At a press conference early on Monday, Indiana House Speaker Brian Bosma (pictured, left) and Indiana Senate President Pro Tempore David Long said that they would “encourage our colleagues to adopt a clarifying measure of some sort to remove this misconception about the bill.”

Long said this was a reaction to an “obvious misconception” about what the new law does.

Some high-profile figures and businesses with major stakes in Indiana warned of a backlash of the law’s effect before Pence signed it into effect, saying it would effectively license businesses to discriminate against gay individuals. That criticism only intensified after the law was signed. National figures like Apple CEO Tim Cook and Saleforce CEO Marc Benioff have strongly criticized the law.

Pence has failed to give examples justifying signing the law and on Sunday wouldn’t say if it would allow discrimination. He also announced that he would push to clarify the law.

Bosma and Long stressed that they hadn’t anticipated the backlash of the law. Asked about both proponents of the law and opponents who said the law effectively discriminated against same-sex individuals. Long said that there was just a “small tribe” of people saying that.
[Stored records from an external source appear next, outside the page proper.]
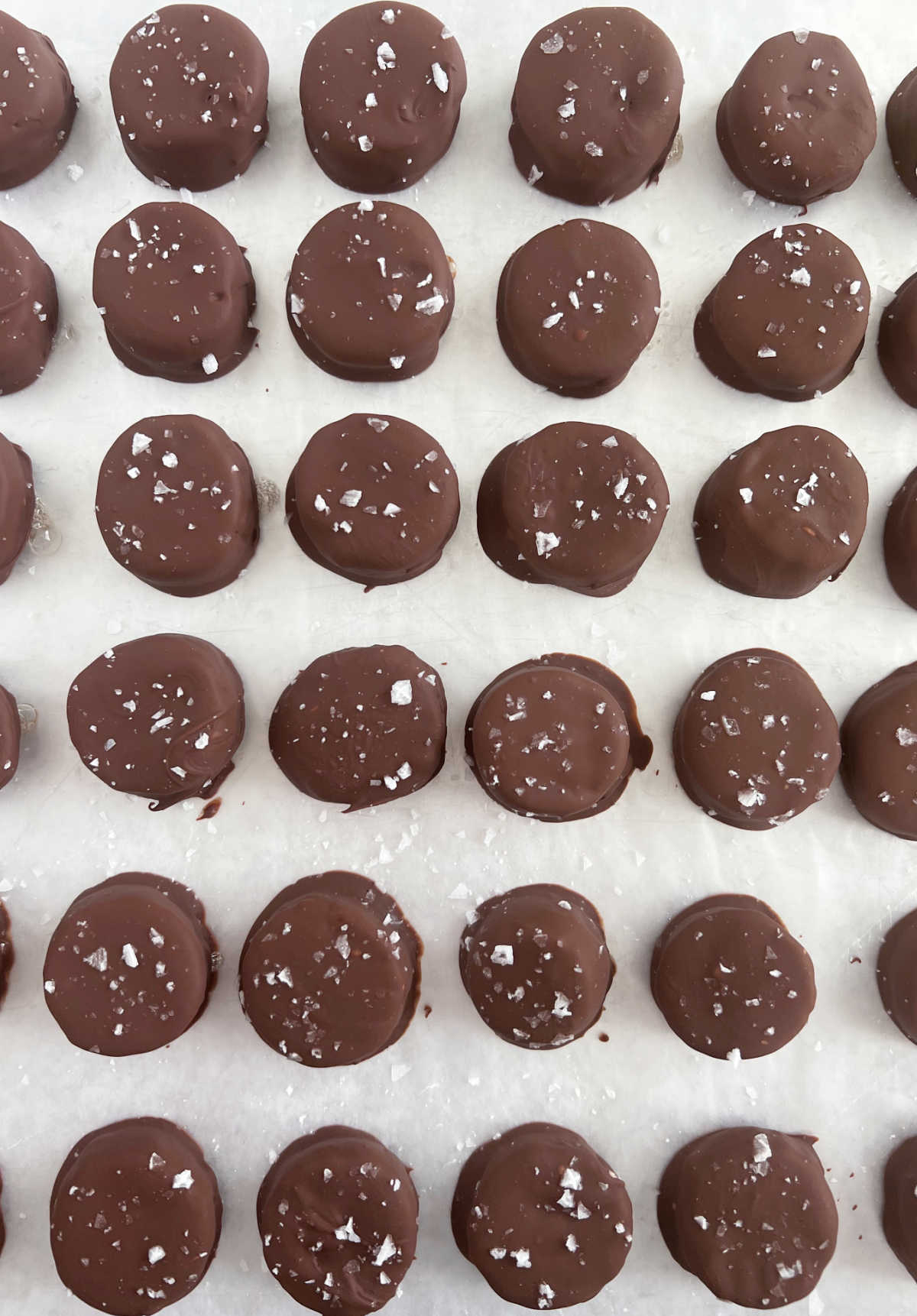 frozen banana bites on parchment paper-lined baking sheet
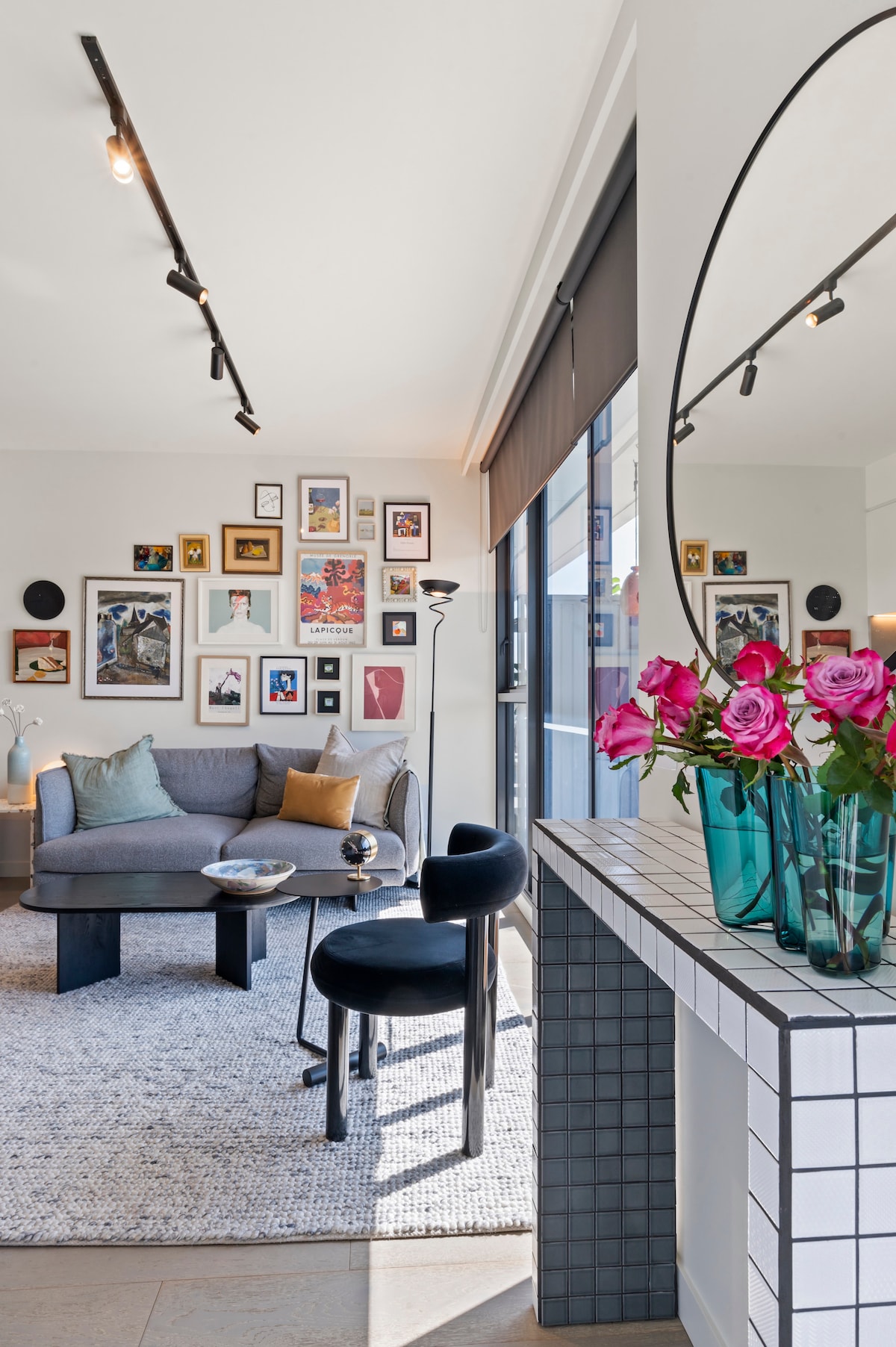 A modern living area features a comfortable couch adorned with decorative cushions, complemented by a round table. A gallery wall showcases an assortment of framed artwork. A mirror reflects midday light while a vase of fresh roses adds a touch of color to the space.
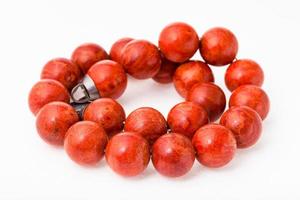 tangled necklace from polished red coral balls photo
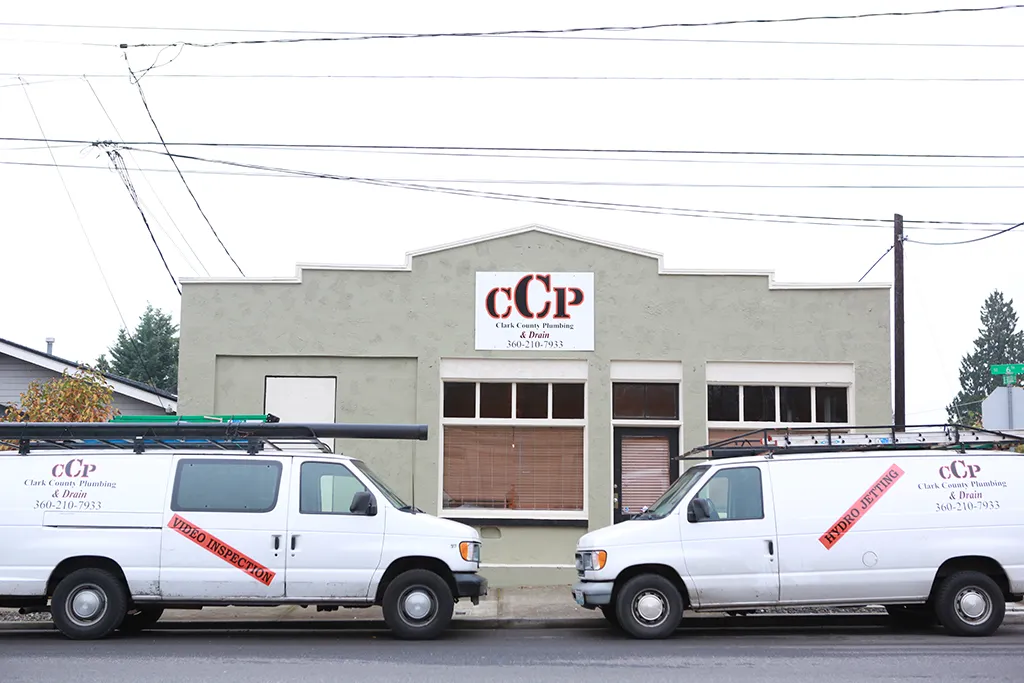 Two white service vans parked in front of the Clark County Plumbing & Drain storefront office.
“The fact is that it doesn’t do that, it doesn’t discriminate and anyone on either side of this issue suggesting otherwise is just plain flat wrong,” Long said.

Throughout the press conference, both lawmakers said repeatedly the legislation does not directly discriminate against anyone.

“What it does is it sets a standard of review for a court when issues of religious freedom and other rights collide due to government action,” Bosma said.

Indiana Democrats quickly responded to the press conference saying that they wouldn’t be satisfied with anything less than a full repeal of the law.